● **What to do**:
Without including the images, transcribe each record precisely as it appears below.

● **Data extracts**:

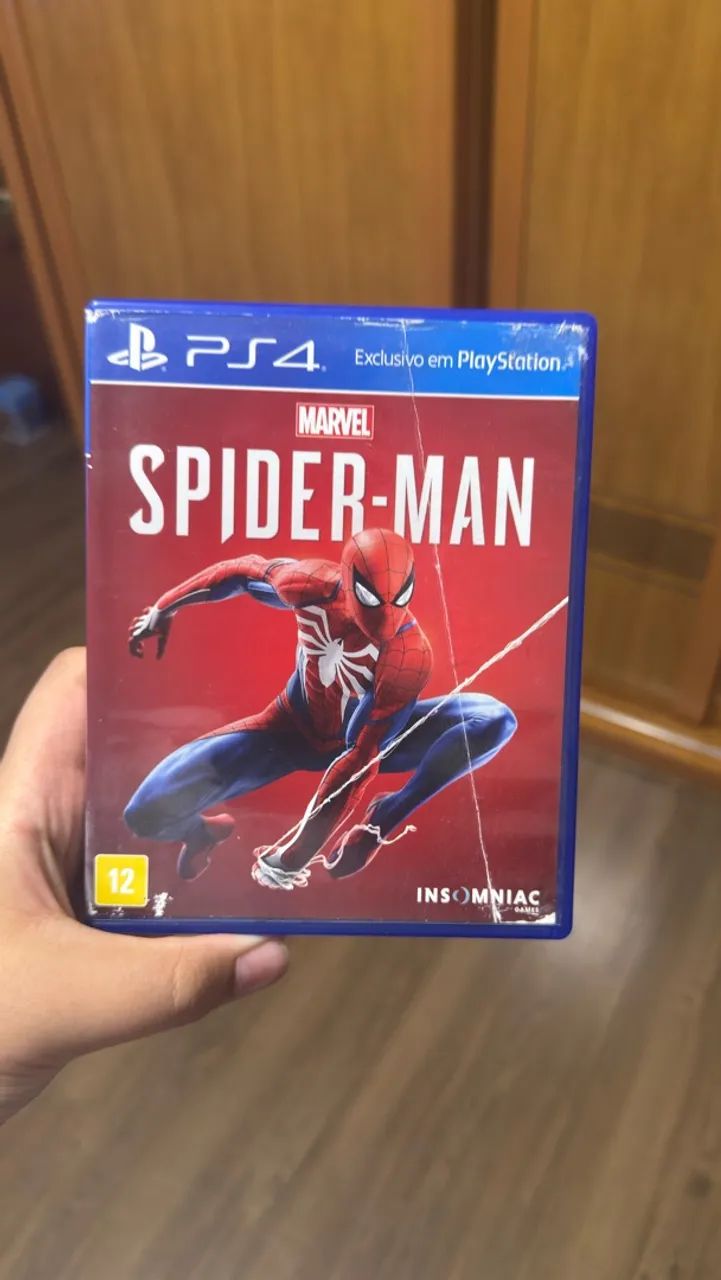 Spider Man PS4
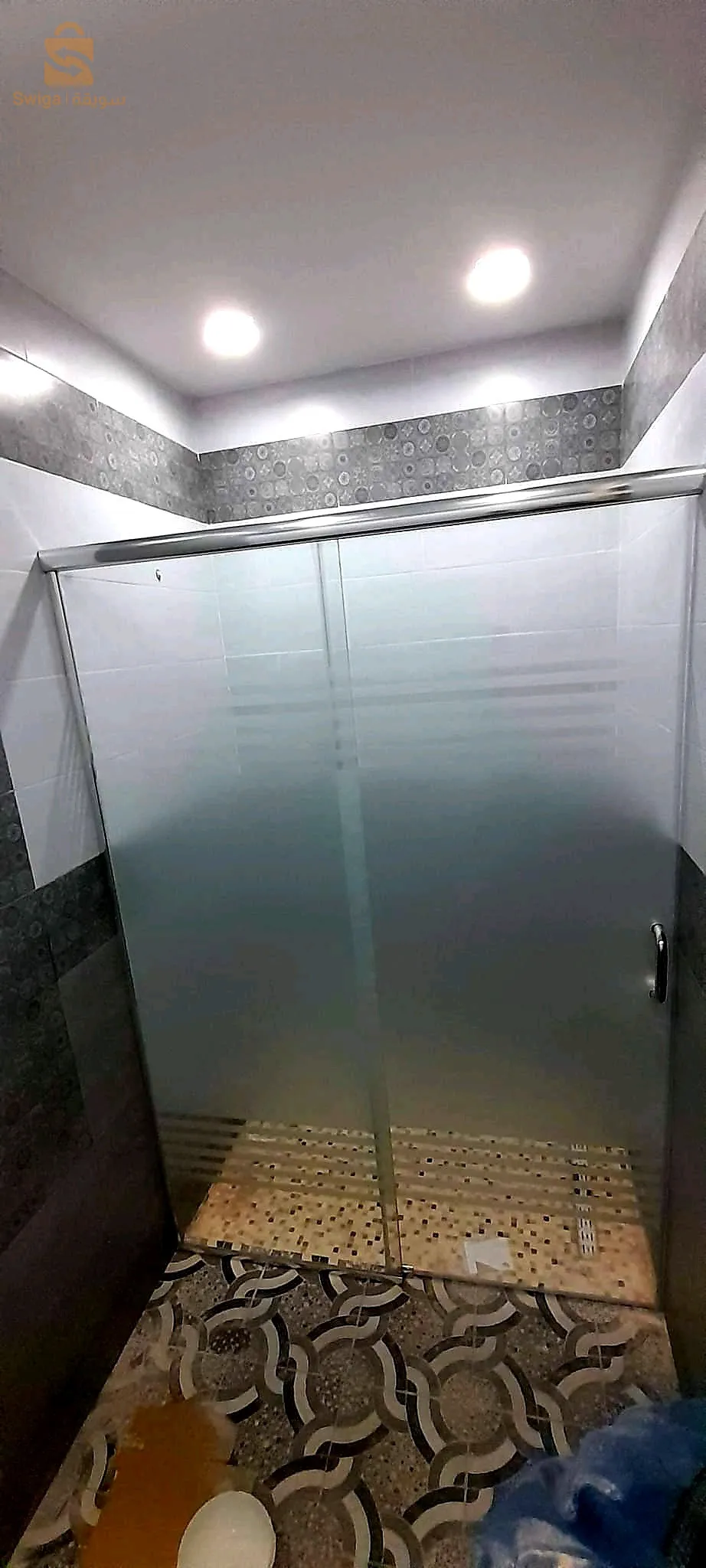 verre trompé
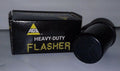 AGS Heavy Duty Flasher #550 12V 3-Terminal-Prong Turn Signal Flasher Blinker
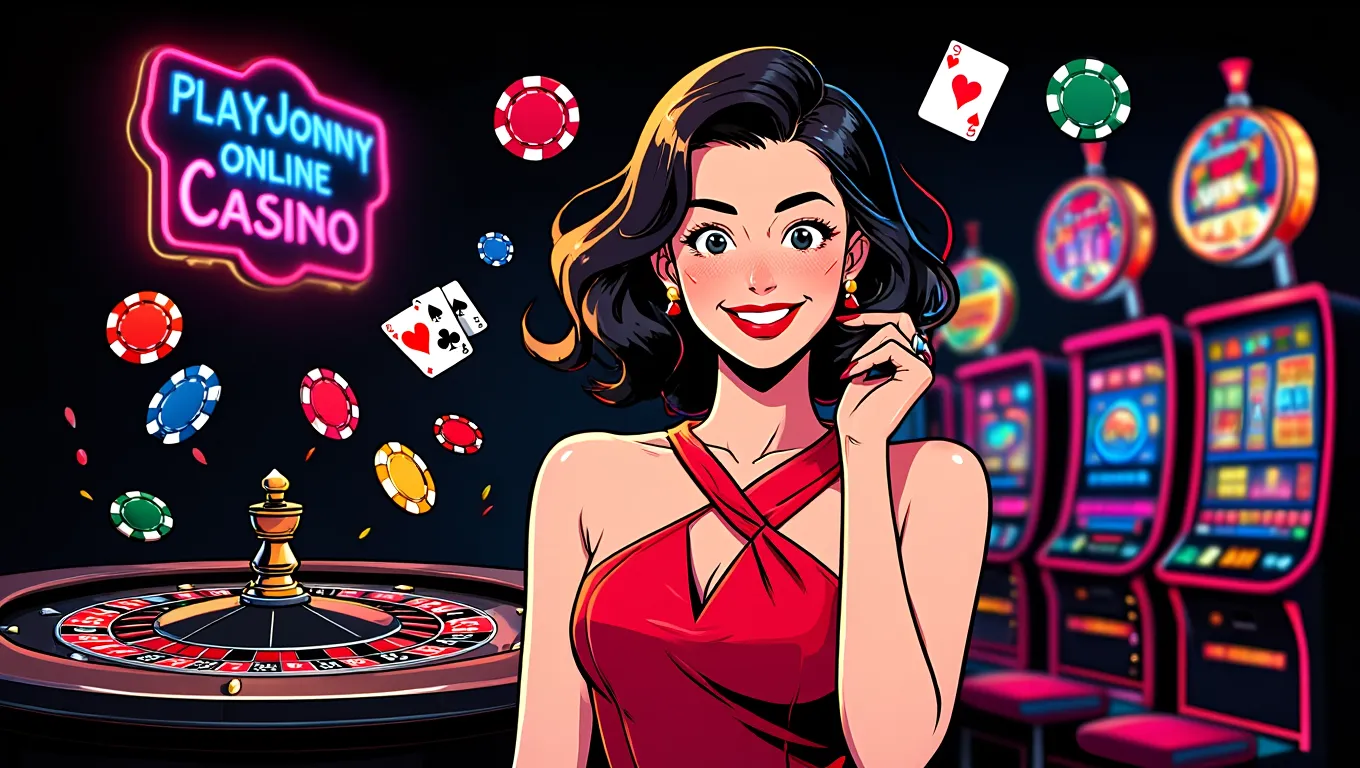 play jonny bonus play jonny bonus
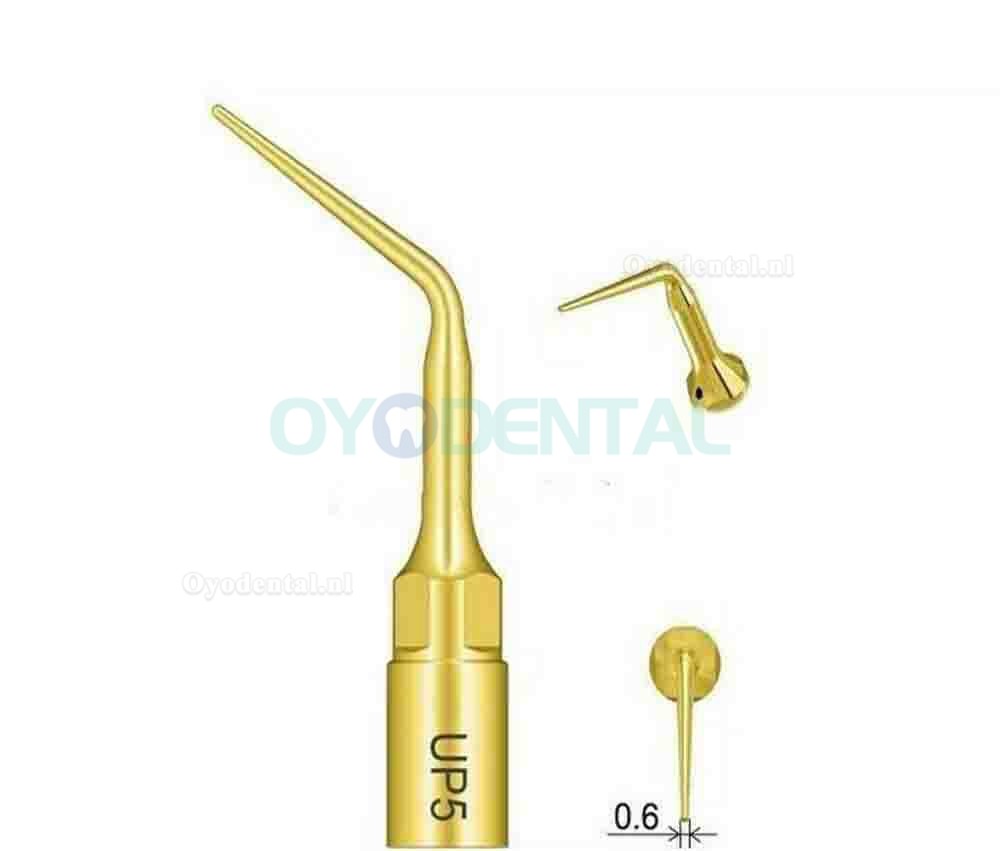 Woodpecker Ultrasurgery Ultrasonic Periodontal Tips Kit For Mectron Piezosurgery Woodpecker Ultrasurgery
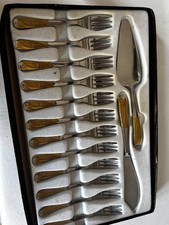 Set Argenteria Torta di
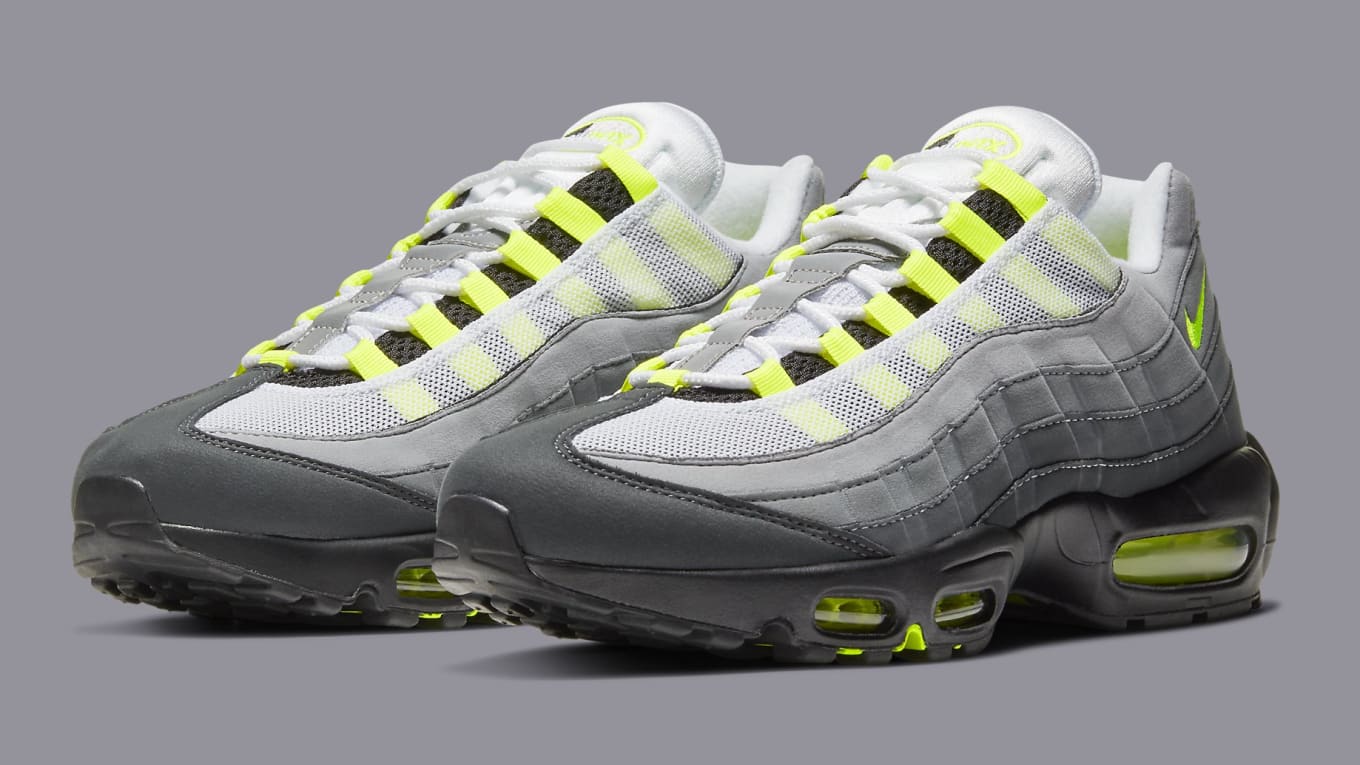 Nike Air Max 95 'Neon' Release Date CT1689-001 | Sole Collector القران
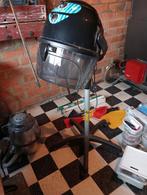 Professionele Haardroger uit kapsalon, Ophalen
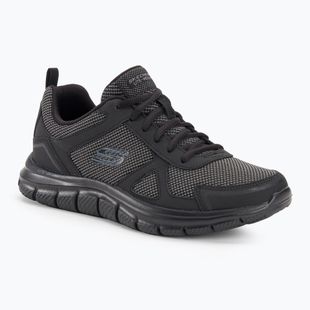 Buty męskie SKECHERS Track Bucolo black/grey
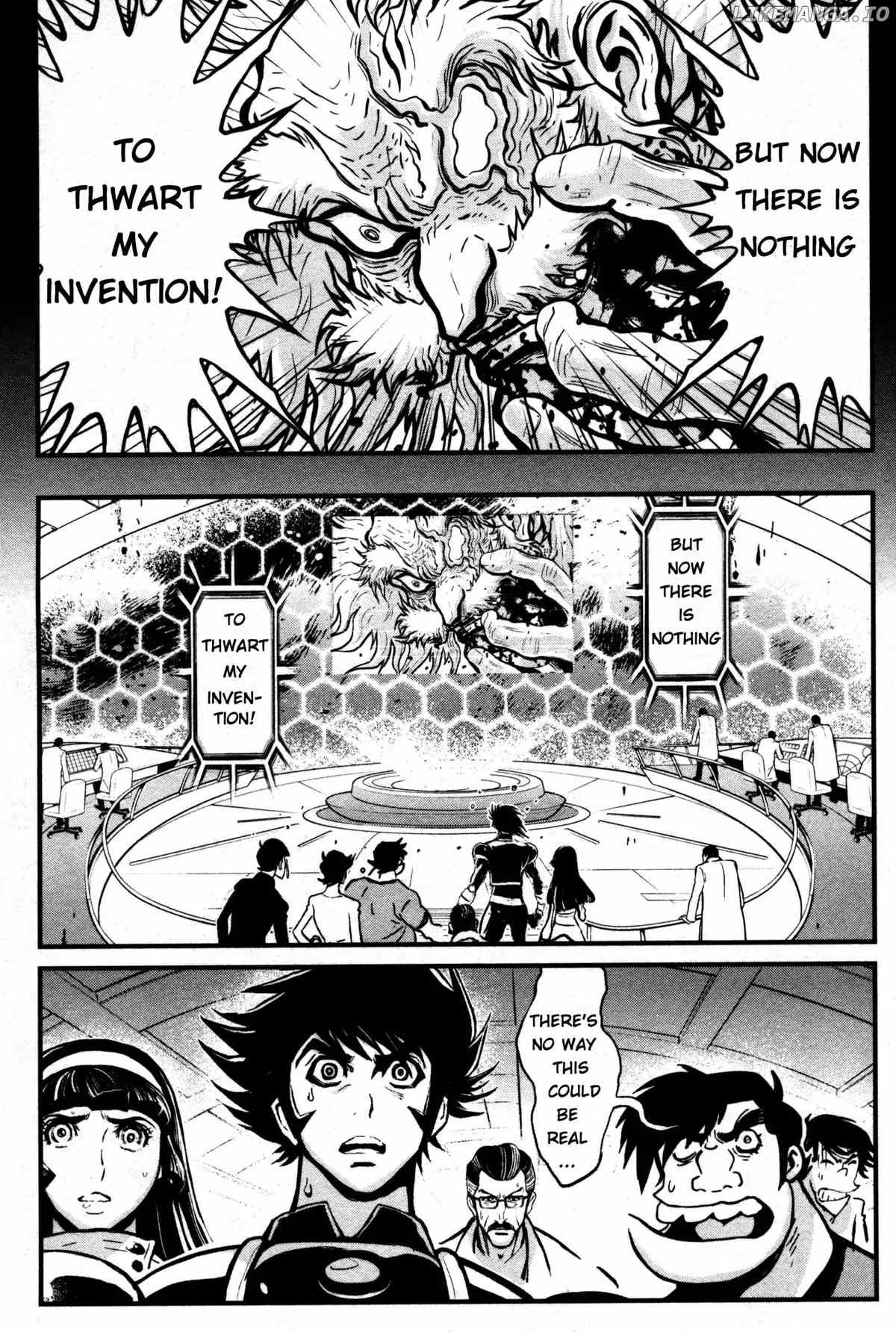 Shin Mazinger Zero chapter 24 - page 15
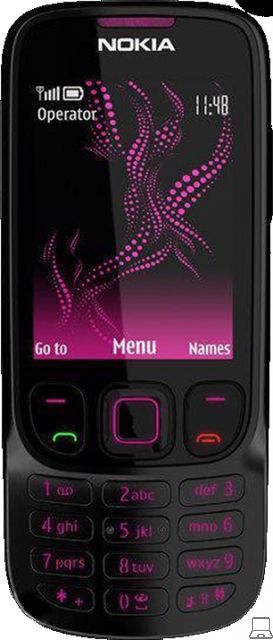 Nokia 6303i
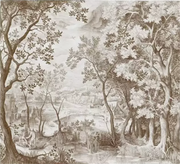 Forêt de gravure — aperçu du décor, vue 5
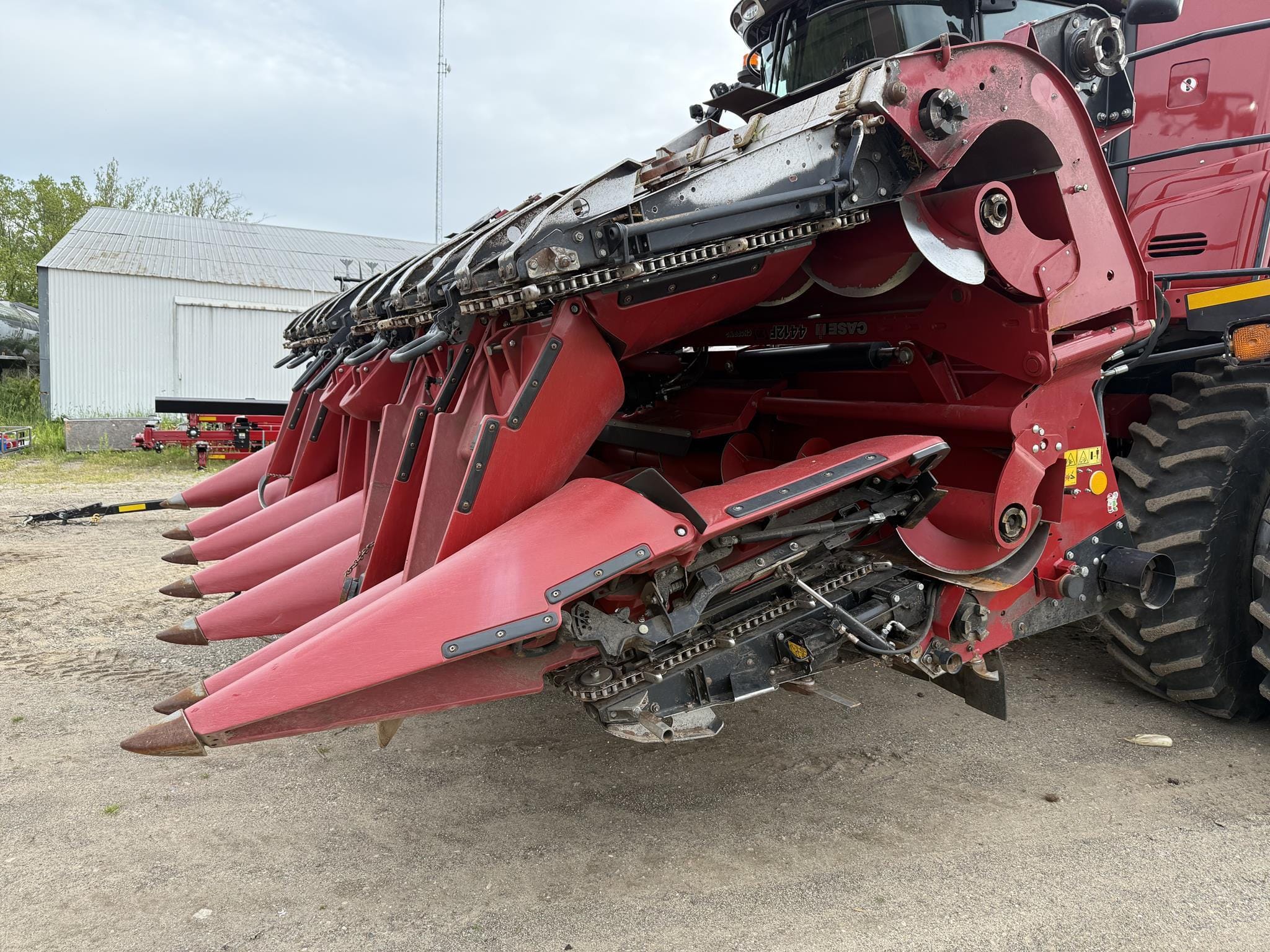 2022 Case IH 4412F Equipment Image0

● **Solution to this exercise**:
 Spider Man PS4
 verre trompé
 AGS Heavy Duty Flasher #550 12V 3-Terminal-Prong Turn Signal Flasher Blinker
 play jonny bonus play jonny bonus
 Woodpecker Ultrasurgery Ultrasonic Periodontal Tips Kit For Mectron Piezosurgery Woodpecker Ultrasurgery
 Set Argenteria Torta di
 Nike Air Max 95 'Neon' Release Date CT1689-001 | Sole Collector القران
 Professionele Haardroger uit kapsalon, Ophalen
 Buty męskie SKECHERS Track Bucolo black/grey
 Shin Mazinger Zero chapter 24 - page 15
 Nokia 6303i
 Forêt de gravure — aperçu du décor, vue 5
 2022 Case IH 4412F Equipment Image0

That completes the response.